The True and Fair Foundation's report, released this week (PDF), claimed one in five charities spend less than half their income on charitable activities, and singled out the RHS as one of 17 of the UK's largest charities which it claimed spend less than 65p on charitable activities for every £1 raised.
The report made headlines in national newspapers but was criticised for misrepresenting how charities work.
Biggs explained: "The report for instance doesn't take into account the funds we pay into our reserves to spend on the major charitable projects we have planned for the future, as part of our recently announced £160 million investment in the future of horticulture, including a new community urban garden and significantly increasing our horticultural science work.

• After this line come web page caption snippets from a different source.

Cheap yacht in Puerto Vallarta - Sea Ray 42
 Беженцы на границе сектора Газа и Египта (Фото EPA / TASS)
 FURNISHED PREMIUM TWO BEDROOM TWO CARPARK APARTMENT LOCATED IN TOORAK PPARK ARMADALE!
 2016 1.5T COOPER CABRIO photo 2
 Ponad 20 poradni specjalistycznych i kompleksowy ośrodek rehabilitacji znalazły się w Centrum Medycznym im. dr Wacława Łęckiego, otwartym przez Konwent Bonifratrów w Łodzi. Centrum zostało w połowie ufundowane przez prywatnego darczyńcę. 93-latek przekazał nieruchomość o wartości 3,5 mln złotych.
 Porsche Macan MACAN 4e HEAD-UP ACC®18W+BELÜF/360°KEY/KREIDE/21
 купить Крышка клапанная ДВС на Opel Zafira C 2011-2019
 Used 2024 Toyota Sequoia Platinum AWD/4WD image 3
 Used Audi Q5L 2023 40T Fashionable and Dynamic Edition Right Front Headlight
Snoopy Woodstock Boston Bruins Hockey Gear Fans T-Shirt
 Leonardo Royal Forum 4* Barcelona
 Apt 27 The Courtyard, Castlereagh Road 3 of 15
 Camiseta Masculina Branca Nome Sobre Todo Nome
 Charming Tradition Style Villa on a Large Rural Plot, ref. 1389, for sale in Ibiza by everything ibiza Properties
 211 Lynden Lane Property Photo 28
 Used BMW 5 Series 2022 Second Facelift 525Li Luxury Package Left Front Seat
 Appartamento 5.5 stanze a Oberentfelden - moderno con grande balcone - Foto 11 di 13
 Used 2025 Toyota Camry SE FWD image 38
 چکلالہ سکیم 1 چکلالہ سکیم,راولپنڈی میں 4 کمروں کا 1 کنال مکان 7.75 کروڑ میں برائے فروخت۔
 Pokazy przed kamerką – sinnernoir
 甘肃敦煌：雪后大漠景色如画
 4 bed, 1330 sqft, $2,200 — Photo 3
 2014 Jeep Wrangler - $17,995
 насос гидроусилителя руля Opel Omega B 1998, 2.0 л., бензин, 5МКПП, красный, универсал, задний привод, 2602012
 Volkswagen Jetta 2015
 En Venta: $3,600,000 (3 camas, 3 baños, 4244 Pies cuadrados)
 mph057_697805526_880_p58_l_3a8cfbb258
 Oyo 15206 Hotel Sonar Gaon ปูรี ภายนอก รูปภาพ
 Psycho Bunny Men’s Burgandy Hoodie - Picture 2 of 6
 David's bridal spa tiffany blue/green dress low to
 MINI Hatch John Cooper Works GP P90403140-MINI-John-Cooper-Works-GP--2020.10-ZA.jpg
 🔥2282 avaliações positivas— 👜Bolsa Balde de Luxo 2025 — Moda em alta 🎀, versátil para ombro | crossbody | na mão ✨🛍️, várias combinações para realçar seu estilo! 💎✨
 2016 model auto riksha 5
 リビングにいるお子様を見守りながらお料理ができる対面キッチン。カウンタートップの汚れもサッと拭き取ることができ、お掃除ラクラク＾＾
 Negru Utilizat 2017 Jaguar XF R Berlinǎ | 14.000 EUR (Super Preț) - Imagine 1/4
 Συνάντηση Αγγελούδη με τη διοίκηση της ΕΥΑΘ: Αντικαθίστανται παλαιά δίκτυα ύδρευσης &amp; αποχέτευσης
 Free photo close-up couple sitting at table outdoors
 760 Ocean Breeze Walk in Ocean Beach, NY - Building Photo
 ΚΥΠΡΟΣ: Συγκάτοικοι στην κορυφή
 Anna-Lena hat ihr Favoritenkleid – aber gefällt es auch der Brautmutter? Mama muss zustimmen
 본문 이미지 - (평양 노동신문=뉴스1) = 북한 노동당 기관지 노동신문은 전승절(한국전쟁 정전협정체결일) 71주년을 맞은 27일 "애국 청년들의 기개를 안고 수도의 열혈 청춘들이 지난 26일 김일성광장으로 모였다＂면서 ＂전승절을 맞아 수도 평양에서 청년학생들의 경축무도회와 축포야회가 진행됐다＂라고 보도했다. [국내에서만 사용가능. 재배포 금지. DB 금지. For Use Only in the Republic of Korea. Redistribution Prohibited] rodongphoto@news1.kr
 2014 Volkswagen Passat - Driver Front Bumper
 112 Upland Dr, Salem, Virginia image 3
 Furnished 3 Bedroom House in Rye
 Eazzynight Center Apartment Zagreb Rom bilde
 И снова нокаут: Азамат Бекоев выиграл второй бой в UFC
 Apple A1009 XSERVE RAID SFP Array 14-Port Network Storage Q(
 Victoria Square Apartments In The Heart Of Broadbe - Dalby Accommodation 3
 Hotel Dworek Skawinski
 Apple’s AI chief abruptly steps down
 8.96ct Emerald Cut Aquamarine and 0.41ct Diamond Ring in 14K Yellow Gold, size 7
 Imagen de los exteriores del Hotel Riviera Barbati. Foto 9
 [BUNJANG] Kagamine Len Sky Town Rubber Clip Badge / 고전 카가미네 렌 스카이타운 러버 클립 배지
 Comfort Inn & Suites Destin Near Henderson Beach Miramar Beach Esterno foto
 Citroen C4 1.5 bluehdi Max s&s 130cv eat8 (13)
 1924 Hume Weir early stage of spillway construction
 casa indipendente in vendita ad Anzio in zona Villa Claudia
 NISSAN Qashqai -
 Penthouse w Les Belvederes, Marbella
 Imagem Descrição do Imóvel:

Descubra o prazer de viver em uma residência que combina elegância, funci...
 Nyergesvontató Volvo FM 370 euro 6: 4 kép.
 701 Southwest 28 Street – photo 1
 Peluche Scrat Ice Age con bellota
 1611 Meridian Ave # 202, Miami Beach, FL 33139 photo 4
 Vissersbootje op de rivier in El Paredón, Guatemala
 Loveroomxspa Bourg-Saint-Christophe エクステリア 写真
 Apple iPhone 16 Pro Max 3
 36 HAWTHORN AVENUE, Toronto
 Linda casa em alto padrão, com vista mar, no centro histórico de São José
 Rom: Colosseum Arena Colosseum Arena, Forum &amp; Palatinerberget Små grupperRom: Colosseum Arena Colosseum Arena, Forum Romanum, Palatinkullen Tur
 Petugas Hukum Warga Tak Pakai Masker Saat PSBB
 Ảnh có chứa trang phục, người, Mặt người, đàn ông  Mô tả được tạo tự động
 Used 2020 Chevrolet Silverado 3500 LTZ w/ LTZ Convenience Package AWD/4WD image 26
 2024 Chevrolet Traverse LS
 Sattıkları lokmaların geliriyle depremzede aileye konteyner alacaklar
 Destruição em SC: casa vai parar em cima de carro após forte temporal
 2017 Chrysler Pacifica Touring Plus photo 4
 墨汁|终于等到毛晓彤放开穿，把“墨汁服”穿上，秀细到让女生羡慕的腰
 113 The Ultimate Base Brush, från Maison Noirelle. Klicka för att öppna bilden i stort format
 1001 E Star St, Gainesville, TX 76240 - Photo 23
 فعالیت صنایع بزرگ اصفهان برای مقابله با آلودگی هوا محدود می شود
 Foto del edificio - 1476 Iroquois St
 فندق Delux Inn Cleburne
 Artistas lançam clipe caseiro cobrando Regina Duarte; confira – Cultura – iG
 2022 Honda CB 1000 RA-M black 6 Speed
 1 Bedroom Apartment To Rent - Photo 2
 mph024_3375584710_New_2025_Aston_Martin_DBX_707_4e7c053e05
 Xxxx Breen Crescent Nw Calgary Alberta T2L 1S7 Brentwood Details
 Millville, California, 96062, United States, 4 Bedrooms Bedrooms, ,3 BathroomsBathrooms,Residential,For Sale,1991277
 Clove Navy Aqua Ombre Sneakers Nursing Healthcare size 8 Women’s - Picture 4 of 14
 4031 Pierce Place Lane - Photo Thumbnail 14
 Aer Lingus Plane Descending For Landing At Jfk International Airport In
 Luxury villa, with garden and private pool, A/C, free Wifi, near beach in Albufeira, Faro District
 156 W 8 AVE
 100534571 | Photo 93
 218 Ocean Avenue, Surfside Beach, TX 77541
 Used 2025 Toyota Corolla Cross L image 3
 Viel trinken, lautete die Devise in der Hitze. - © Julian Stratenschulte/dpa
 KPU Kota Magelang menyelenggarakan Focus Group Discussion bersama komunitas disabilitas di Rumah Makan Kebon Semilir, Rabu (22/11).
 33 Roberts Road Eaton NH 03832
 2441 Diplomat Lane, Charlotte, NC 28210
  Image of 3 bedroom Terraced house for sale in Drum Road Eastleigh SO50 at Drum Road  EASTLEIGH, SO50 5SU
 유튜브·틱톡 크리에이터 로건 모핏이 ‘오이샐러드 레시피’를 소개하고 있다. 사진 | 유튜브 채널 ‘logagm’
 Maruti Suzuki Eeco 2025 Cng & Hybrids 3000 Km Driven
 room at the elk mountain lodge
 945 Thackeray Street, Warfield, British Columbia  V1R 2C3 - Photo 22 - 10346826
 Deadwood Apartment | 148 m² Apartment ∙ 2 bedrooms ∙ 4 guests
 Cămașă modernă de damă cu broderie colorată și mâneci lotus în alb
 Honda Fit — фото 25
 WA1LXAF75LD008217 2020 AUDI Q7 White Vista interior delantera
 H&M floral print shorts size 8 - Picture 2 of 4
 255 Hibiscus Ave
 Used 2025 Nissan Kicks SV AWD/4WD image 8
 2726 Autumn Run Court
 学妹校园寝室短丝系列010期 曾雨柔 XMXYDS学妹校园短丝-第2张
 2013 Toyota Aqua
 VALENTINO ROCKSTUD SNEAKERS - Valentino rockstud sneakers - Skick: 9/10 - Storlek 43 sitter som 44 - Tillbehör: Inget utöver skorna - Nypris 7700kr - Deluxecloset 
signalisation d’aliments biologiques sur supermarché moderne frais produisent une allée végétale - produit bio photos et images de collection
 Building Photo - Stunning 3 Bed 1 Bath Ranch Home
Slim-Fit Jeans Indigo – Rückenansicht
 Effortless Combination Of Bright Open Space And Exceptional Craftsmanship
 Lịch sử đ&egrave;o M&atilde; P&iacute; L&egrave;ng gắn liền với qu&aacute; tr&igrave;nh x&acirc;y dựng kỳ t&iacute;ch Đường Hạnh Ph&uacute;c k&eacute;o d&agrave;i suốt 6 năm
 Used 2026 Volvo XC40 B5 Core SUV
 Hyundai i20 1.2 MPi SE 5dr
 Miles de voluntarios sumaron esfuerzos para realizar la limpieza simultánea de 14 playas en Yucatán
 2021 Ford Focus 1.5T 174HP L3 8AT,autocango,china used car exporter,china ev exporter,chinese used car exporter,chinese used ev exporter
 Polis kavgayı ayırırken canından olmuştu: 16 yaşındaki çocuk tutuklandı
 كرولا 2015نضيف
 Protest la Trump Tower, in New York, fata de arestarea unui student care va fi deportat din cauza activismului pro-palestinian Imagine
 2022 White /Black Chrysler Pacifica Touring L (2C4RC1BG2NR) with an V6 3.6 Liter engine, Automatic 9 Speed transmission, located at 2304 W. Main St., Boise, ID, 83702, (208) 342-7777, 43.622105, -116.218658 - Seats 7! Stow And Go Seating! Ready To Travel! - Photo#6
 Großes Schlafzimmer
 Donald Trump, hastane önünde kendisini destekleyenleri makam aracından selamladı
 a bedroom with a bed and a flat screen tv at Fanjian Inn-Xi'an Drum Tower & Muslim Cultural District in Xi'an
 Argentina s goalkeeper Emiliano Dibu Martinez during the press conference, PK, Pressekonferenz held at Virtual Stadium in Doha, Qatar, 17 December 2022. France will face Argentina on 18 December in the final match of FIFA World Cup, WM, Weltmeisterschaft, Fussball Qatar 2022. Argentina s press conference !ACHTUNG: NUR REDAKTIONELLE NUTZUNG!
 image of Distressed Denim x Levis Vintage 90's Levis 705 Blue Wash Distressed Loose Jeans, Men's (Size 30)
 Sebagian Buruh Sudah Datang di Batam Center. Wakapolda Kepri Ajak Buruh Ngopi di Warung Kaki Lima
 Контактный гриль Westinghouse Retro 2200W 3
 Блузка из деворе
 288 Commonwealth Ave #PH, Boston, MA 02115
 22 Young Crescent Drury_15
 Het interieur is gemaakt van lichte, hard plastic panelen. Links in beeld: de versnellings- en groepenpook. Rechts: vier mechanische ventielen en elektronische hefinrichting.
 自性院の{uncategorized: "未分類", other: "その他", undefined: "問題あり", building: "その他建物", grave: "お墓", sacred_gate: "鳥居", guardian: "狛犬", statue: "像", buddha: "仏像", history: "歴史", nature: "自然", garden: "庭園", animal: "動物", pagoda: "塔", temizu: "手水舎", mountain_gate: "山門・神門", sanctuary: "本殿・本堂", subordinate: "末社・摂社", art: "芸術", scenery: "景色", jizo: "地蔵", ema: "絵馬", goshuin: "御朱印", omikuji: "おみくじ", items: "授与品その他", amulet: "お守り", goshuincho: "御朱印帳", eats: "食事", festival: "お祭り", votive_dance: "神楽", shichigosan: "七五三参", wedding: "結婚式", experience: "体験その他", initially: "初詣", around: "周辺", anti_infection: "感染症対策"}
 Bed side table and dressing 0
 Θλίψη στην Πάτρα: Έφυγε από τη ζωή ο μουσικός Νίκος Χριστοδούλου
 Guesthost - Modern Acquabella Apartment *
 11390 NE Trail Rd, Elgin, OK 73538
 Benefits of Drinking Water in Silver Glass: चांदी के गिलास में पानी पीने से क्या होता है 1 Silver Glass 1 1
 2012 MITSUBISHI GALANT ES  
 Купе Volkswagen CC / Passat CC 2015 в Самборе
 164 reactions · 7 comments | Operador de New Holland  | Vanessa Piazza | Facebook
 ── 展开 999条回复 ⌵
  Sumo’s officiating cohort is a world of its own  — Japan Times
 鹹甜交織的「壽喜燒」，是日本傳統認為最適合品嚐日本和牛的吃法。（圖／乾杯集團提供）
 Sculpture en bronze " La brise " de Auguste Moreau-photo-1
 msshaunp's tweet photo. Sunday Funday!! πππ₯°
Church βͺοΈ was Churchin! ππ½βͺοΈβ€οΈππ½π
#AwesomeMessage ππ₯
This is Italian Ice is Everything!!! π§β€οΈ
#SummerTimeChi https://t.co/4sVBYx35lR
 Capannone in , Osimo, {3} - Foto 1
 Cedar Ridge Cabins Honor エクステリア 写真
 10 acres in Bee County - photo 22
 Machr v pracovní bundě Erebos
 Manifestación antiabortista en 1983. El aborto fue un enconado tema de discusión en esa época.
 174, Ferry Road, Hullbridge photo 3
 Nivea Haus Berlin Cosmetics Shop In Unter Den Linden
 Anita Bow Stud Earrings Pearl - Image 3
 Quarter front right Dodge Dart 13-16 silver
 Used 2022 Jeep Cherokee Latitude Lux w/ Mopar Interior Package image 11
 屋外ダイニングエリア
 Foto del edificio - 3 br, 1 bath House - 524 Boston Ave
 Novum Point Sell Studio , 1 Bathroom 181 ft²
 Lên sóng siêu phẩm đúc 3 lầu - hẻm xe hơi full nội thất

"The report also doesn't take into account that we have to invest in our commercial work to be able to raise the necessary funds to support our charitable work. The RHS receives no government funding and has to be commercially savvy to enable us to raise significant funds to manage and invest in a vast portfolio of charitable projects, including running Europe's biggest community gardening campaign, working with over 20,000 schools, conducting scientific research and safeguarding collections charting 500 years of gardening history. Today we engage with and support more communities at grassroots level and spend more on charitable activities than ever before.
"We are extremely grateful to our members, donors and everyone who supports us and monitor our financial position closely, always looking at ways to increase our reach and enrich people's lives through plants."